A PARTICULAR USE CASE: PRIVATE DATA ABOUT PRIVATE COMPANIES
Let’s start by talking about one particular industry, which is firms that sell data about privately-held companies. There is a great conversation on Quora that summarizes the strengths and weaknesses of most of the enterprises in this field:
“How do CB Insights, PrivCo, DataFox, Owler, Tracxn!, Mattermark, and Venture Scanner compare for private company research?”
Danielle Morrill has written a great blog post about how and why she created Mattermark (“The Deal Intelligence Company”):
According to Crunchbase, she has so far raised $17 million to build out her company. Samiur Rahman, the lead data engineer at Mattermark, has given a revealing interview about how NLP helps Mattermark pinpoint data about deals that companies may be arranging:
Anyone who tries to scour the Web for information about companies, either publicly held or privately owned, immediately runs into a few problems, including the fact that any given company may have dozens of subsidiaries with similar names. The law, or a regulatory agency, might have forced the company to break up. So, for instance, Deutsche Bank has set up different companies for loans and investments. As a consequence, one finds the following names on the web:
Deutsche Bank – Corretora de Valores S.A.
Deutsche Bank A S
Deutsche Bank AG
Deutsche Bank GmbH
Deutsche Bank S.A. Banco Alemao
Deutsche Bank Trust Company Americas
Deutsche Bank Trust Company Delaware
Journalists tend to misspell these names, or just use the generic “Deutsche Bank,” which makes it difficult to discern which incarnation of Deutsche Bank is the subject of an article.
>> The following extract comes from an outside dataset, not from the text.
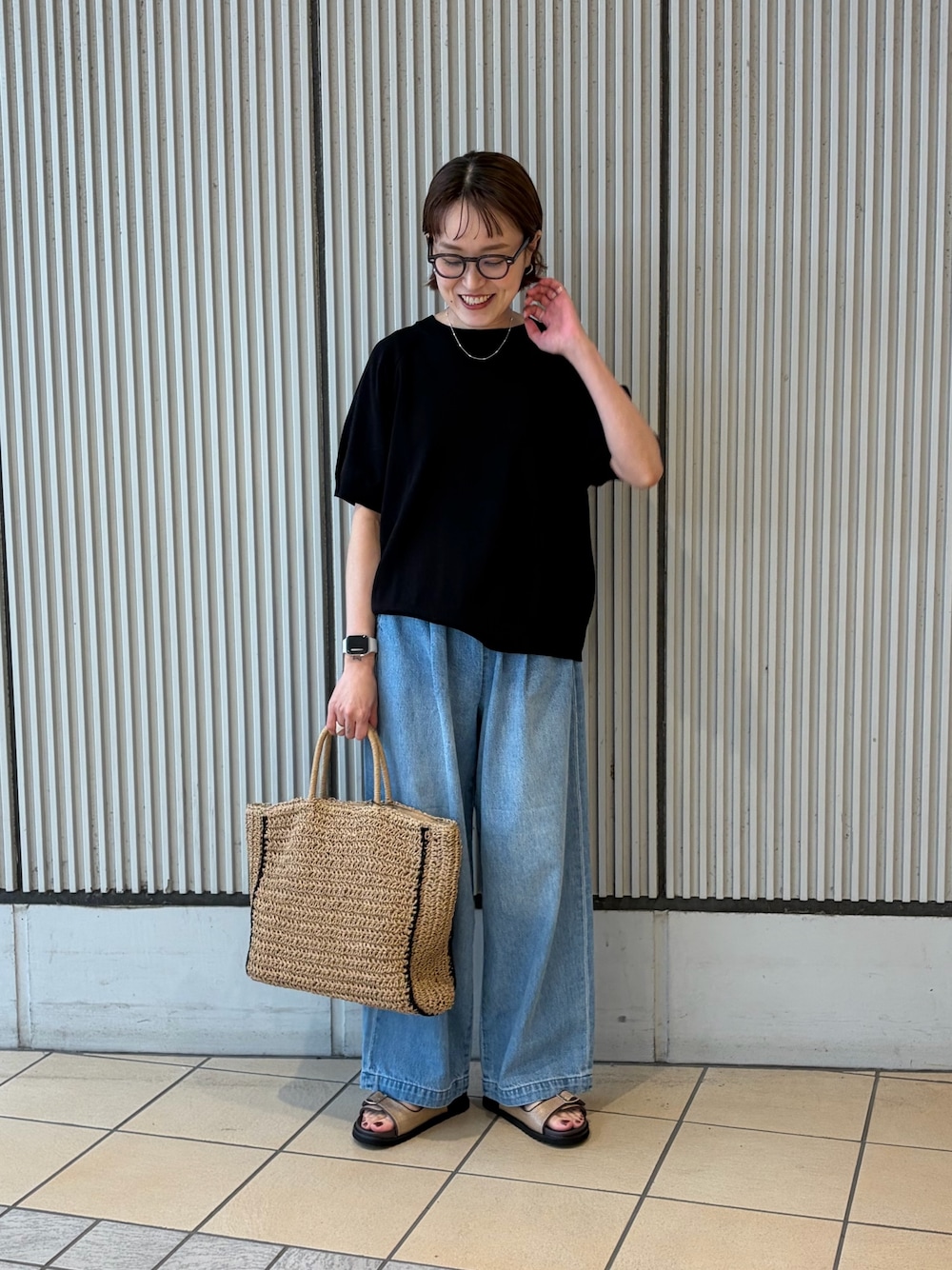 ブラック系のニット/セーター、ブルー系のデニムパンツ、ベージュ系のサンダルを着用したレディースの夏コーディネートの1枚目の写真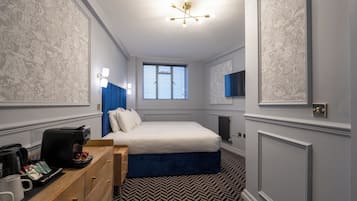 A bedroom with a bed, bedside table, coffee maker, and a window with blinds.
Samiur Rahman says he is a fan of “word vectors” and “paragraph vectors”, and then he uses the Nearest Neighbor algorithm to figure out which companies are similar to each other. As the interview makes clear, Mattermark got into a business where they thought they could use humans to do data aggregation; now they are desperately trying to build ML/NLP stacks to automate the work.
Danielle Morrill says she initially thought about going to work as a journalist for TechCrunch, so her mindset was very much focused on human beings gathering data. Samiur Rahman discloses that they started off using standard ElasticSearch string matching for search, and only later did they realize they should try to get into ML/NLP. Apparently, they were at a very early stage in 2016. Word vectors and Nearest Neighbor are simple techniques. (Though it’s possible Rahman was dumbing down his comments for the interviewer).
Mattermark charges $500 per user per year, with a cap at $50,000 a year for an entire firm. They keep track of 1.5 million companies worldwide. Samiur Rahman says, “If someone searches for AI companies, they should get a list of AI companies.” Mattermark only aspires to a level of search accuracy that matches Google. This is surprising, because their customers pay a lot of money for a level of accuracy that is much higher (more targeted) than what is offered by Google.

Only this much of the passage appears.